Consultor imobiliário
O corretor não pode ser um
simples vendedor de apartamentos. Ele precisa conhecer os hábitos do comprador rico, os lugares
que ele freqüenta, o que ama.
"O profissional que atende esse
cliente é um consultor imobiliário", explica Tomás Salles, diretor
de novos negócios da Lopes.
O "consultor imobiliário" faz o
possível para acompanhar o comprador. Hélio Steinberg, 40, e Roberto Lopes, 44, sócios-autônomos, pilotam um Mitsubishi Pajero blindado. "O atendimento tem
que ser de igual para igual", diz
Lopes, que mora em um apartamento de R$ 800 mil.
Ele e Steinberg são encarregados das vendas no edifício George
Sand, na rua Frederic Chopin, no
Jardim Europa (zona oeste), cujas
unidades custam até R$ 17 milhões: o corretor no alto padrão
leva de 1% a 2,4% de comissão.
"O cliente gosta de negociar da
maneira mais discreta possível",
explica Marcos Manhães, 44, que
freqüenta o Fasano, circula em
um Volvo e atua na imobiliária
Coelho da Fonseca, onde faz parte
de um seleto grupo de 30 profissionais batizados de "private brokers" ("corretores exclusivos").
Esse é também o nome da revista que a imobiliária lançou em
parceria com a Daslu. Distribuída
para o mailing de 38 mil nomes da
butique, a revista tem editorial assinado pela empresária Eliana
Tranchesi e classificados de imóveis que custam até R$ 12 milhões.

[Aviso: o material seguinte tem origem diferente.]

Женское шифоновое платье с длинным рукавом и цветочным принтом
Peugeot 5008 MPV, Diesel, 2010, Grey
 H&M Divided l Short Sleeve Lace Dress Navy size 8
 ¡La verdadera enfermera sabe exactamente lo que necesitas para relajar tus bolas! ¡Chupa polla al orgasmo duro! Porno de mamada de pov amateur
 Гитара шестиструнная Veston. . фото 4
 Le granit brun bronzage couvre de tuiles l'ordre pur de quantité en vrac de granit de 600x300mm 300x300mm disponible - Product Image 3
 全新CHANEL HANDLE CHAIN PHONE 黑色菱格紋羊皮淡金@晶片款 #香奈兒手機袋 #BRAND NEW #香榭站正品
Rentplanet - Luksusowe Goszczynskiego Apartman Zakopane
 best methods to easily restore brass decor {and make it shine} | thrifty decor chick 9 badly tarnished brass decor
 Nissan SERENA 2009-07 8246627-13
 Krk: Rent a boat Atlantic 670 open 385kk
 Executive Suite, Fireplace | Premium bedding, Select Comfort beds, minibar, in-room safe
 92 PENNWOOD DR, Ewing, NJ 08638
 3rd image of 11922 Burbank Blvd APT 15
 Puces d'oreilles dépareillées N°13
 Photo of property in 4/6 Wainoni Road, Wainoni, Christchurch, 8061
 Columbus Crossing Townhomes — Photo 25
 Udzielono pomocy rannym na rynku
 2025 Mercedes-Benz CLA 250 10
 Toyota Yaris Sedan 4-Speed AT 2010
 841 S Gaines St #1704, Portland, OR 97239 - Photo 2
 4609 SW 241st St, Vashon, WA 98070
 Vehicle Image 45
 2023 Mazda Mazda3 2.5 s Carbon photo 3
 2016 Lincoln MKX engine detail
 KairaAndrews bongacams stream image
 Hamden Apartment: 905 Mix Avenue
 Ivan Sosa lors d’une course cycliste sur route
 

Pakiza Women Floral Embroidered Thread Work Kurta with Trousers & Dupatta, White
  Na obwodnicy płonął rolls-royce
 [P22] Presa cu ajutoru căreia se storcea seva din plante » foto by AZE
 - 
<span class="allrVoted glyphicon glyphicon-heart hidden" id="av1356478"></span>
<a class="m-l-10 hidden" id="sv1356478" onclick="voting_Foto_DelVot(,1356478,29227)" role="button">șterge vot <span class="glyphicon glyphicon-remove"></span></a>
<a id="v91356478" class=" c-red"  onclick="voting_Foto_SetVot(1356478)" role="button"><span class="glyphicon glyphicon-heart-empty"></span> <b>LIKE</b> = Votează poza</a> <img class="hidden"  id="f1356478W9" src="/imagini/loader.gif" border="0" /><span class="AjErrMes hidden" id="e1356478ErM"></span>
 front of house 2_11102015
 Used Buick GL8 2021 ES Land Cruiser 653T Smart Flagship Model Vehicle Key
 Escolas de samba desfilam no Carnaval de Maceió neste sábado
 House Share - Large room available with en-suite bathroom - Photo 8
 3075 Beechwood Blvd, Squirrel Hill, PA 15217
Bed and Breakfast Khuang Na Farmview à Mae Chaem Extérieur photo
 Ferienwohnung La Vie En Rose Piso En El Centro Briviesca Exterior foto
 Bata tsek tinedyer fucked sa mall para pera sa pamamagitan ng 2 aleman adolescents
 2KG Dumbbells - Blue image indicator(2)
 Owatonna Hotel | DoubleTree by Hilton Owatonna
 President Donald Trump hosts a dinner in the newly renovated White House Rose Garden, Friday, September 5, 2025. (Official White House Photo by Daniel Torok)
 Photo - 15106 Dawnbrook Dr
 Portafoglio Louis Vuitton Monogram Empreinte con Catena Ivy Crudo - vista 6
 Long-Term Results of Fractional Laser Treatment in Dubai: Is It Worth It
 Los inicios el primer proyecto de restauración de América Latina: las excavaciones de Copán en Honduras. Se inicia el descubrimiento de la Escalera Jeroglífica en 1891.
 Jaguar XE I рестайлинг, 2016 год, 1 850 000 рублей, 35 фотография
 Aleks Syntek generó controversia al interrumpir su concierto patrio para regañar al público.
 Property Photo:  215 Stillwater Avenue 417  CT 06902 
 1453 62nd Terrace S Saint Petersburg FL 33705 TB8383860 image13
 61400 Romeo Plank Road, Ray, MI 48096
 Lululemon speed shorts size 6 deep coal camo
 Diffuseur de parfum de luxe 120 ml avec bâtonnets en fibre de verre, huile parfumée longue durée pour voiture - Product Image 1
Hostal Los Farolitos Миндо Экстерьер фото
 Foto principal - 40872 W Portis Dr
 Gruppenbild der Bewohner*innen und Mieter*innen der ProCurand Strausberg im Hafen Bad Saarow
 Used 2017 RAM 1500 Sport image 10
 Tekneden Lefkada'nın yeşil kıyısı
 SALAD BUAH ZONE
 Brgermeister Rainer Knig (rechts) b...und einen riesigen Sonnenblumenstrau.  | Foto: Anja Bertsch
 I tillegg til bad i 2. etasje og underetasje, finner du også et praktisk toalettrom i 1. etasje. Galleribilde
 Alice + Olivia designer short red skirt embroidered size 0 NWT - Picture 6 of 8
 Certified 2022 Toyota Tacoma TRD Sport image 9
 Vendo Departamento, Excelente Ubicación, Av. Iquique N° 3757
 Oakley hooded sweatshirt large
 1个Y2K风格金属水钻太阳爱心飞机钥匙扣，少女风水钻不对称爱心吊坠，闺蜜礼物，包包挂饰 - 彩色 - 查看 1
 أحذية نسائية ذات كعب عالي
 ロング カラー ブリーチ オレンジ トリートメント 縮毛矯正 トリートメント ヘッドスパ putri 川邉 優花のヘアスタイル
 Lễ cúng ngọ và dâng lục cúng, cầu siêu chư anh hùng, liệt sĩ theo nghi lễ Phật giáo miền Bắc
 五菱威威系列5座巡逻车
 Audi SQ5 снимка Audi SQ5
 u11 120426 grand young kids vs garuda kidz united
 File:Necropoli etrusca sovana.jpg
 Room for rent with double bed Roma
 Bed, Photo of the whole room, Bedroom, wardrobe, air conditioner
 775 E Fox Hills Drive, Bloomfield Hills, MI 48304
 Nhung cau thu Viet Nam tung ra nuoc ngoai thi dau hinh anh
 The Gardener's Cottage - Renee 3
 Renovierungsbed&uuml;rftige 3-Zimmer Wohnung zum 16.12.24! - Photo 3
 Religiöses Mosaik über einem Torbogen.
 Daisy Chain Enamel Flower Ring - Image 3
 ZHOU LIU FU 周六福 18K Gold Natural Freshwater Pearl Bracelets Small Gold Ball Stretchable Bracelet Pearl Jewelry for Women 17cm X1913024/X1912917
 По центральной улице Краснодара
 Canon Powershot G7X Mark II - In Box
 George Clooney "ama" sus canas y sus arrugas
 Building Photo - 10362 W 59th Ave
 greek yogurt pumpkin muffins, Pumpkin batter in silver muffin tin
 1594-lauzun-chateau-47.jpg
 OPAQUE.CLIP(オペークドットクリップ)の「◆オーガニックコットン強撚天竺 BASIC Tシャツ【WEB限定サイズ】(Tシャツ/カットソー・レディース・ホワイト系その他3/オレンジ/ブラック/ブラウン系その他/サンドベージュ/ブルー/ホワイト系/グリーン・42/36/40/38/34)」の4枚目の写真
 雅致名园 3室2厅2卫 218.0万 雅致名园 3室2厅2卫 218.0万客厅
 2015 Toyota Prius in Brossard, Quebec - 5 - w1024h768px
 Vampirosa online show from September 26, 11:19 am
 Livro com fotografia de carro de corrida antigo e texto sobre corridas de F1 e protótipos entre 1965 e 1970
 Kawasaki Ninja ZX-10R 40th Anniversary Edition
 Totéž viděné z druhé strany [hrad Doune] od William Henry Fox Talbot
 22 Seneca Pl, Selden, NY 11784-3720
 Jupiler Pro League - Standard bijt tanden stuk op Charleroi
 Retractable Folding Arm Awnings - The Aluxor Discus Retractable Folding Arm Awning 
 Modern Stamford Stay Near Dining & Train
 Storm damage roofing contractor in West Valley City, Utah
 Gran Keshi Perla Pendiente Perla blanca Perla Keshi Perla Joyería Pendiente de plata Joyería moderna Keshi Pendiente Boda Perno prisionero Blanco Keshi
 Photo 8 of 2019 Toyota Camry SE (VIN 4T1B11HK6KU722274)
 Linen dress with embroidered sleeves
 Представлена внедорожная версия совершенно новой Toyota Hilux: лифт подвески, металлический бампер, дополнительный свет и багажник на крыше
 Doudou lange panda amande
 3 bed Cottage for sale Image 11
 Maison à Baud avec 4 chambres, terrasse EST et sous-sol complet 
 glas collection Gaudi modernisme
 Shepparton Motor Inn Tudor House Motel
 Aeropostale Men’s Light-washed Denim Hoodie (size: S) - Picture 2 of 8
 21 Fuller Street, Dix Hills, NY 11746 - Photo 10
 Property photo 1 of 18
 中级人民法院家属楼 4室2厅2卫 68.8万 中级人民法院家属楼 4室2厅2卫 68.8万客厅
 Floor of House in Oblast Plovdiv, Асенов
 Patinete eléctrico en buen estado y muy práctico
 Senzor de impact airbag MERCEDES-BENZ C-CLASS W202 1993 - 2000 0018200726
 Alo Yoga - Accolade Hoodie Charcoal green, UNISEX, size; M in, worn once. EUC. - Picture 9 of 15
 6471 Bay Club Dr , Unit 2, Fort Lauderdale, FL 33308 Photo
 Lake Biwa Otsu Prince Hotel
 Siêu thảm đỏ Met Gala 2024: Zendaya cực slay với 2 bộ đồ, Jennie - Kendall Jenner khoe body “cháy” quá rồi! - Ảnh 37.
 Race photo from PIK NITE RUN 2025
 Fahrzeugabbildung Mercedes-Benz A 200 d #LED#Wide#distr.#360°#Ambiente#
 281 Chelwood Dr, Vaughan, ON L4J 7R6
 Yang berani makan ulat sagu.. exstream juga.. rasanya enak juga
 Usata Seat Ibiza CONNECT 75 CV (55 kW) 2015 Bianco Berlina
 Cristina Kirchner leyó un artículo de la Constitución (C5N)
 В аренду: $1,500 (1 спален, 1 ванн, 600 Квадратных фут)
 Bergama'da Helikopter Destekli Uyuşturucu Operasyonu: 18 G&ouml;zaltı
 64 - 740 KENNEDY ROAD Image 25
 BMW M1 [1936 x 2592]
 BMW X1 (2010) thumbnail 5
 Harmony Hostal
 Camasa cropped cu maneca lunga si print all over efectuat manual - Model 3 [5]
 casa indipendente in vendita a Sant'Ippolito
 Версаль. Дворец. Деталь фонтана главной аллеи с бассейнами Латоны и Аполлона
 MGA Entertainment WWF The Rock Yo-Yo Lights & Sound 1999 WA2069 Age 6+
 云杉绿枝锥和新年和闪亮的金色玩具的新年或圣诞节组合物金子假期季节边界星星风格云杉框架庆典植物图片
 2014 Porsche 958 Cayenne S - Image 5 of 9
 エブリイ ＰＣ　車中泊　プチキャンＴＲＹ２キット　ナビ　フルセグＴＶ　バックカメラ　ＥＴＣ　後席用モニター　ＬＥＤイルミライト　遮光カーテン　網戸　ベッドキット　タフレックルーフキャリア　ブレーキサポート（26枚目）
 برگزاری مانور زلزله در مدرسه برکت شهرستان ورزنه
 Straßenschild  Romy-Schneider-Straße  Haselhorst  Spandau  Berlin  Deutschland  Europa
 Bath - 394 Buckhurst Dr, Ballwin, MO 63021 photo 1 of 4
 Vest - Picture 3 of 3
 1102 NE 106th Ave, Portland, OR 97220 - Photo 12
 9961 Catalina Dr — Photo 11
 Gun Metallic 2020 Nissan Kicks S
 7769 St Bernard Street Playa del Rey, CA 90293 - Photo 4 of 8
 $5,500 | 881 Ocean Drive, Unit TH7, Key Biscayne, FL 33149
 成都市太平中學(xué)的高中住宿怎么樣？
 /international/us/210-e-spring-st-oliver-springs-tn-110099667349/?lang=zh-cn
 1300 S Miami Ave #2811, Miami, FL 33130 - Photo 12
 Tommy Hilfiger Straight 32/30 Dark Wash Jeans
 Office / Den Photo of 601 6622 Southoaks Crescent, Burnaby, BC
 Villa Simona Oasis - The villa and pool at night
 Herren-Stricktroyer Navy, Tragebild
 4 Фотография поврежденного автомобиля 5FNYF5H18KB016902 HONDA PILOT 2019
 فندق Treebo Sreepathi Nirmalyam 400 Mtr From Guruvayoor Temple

A Coelho da Fonseca montou
ainda um quiosque na butique.
Não há corretores no local, que é
monitorado por uma câmera -o
"private broker" só surge quando
a dasluzete mostra interesse.
Bunker estilo "neo-pós"
O arquiteto Itamar Berezin, 42,
autor do projeto do Parque Alfredo Volpi -que custou R$ 250
mil-, é conhecido por desenhar
prédios em estilo "neo-pós", o
mais associado com o megapadrão atualmente na cidade.
O prédio desse estilo tem pinta
de castelo vertical estilizado, com
telhadinho francês, janelões que
se abrem como portas, varandas
amplas e gradeadas e pé-direito
alto. A idéia é que a pessoa se sinta
na Europa -só que, por causa da
violência, há um quê de bunker.
Em visita com corretores a um
prédio na praça Pereira Coutinho,
em Vila Nova Conceição, a reportagem experimentou na portaria
um sistema parecido com o de
eclusas fluviais: da calçada até o
acesso ao hall social, passou por
duas pesadas portas de ferro -a
segunda só foi aberta quando a
primeira se fechou.
O acabamento é "mega" também. Em um dos empreendimentos, os canos do prédio são revestidos com uma manta anti-ruído,
que garante que o morador jamais ouça a descarga do vizinho.
"Perseguida"
Cliente dos sonhos do "private
broker", a socialite-pecuarista
Helena Mottin vive em um apartamento de 600 m2 que, segundo
ela, vale US$ 2 milhões. Apresentada ao empreendimento há cinco anos, pelo amigo-incorporador Paulo Kauffmann, conta que
foi "perseguida" até capitular.
"Como mostrei interesse, passei
a ver o corretor em todos os lugares a que eu ia. Um dia, estava andando na praia da Baleia e o cara
apareceu. Eu disse: "Até aqui?"
Tempos depois, assinei a compra
para ele parar de me encher a paciência", diverte-se.